Through a restoration technology, it is possible to bring classic high-quality television content to viewers with high definition (HD).
By Paola Hobson*
Viewers are more demanding than ever today, when HD programming has become the norm and high-quality , large-format displays are common and affordable. At the same time, there is a high demand for classic programming and many television networks – including several Latin American ones – boast of having extensive collections of appreciated classic series such as telenovelas, documentaries and comedies, whose original format was the videotape or the film.
The networks are eager to broadcast these programs or reuse them for Blu-ray distribution, but much of the material requires considerable repairs in order to meet consumers' expectations of high quality.
The loss of quality in programs produced decades ago occurs due to many factors, such as poor production conditions, deterioration of the tape or film, or defects introduced in the early stages of material transfer. The film can have scratches, dirt, flashes, among other problems. The video may feature noise and pixel loss.
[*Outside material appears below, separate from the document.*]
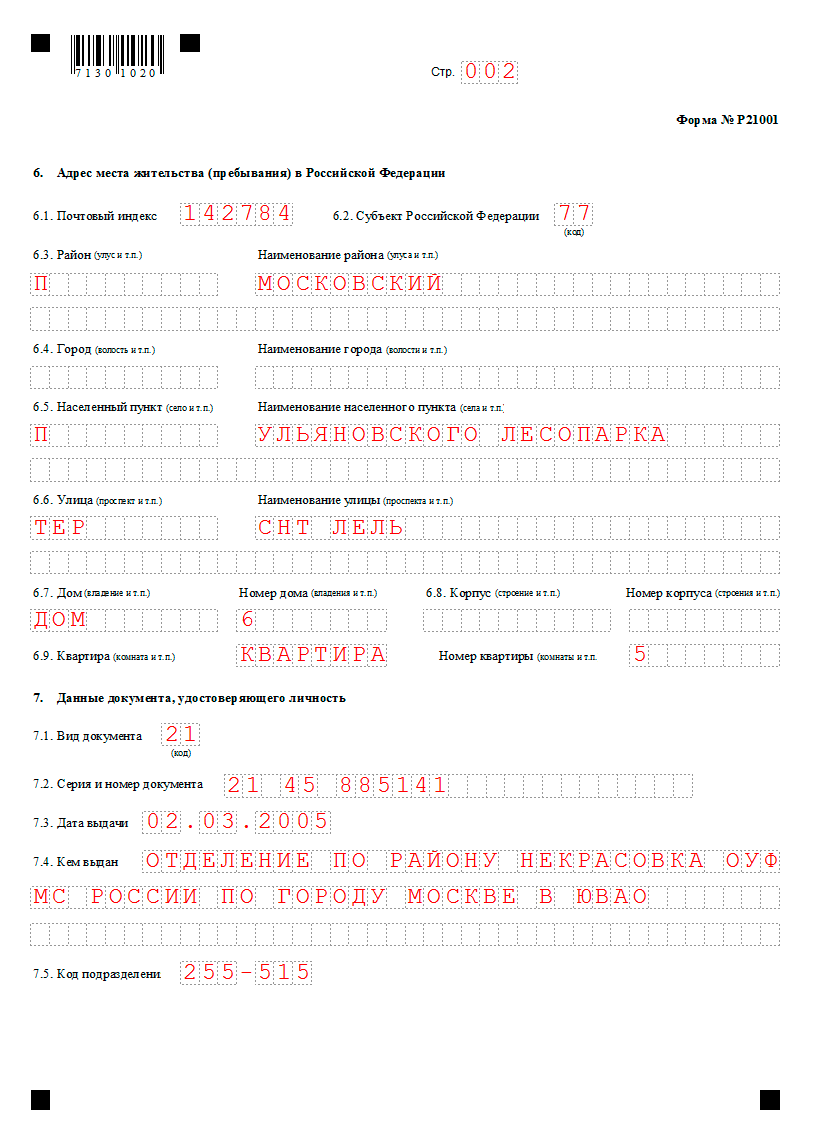 Образец заполнения р21001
Traditionally, restoring high-quality movies and video has been a laborious and time-consuming process that requires frame-by-frame editing, but the technology has made great strides in just a few years. In this article, we will track the restoration of a piece with content from the early 90s using Snell's Archangel Ph.C-HD real-time restoration system.
Dirt and dust
The initial review of the material by an expert will reveal the presence of some quality problem, such as dirt, holes, scratches, instability, low contrast, flashes or noise. Even if it has been carefully stored, physical dirt and dust may appear on the film.
When a film is transferred to video, dirt and dust appear in the form of white, black or colored spots, dots or lines, of different sizes and shapes. Dirt and dust issues can be very annoying for viewers, especially when scrolling around the screen. On the other hand, large particles of dirt can hide the details of the image.
Dirt and dust can be removed by washing the film before scanning it, but washing is not an option for content holders who possess a large amount of content that needs to be repaired quickly and cheaply. Likewise, washing is obviously an inadequate option for programs in which the original film was transferred to videotape and this is the only format available.
One way to remove dust and dirt in real time is to employ motion-compensated processing to reconstruct a certain video frame from the frames before and after it. If the motion vectors are accurate, this is a very fast and effective way to repair areas of dirt seamlessly.
It is important to preserve the contents of the image when performing dust and dirt removal. Any automatic or semi-automatic restoration system must ensure that authentic moving objects are not confused with unwanted stains, it is also important to preserve the grain of the film, which can be mistaken for dust.
Additionally, any repair method based on motion compensation could damage the image if the motion vectors are not calculated accurately and if the frame reconstruction is not perfect.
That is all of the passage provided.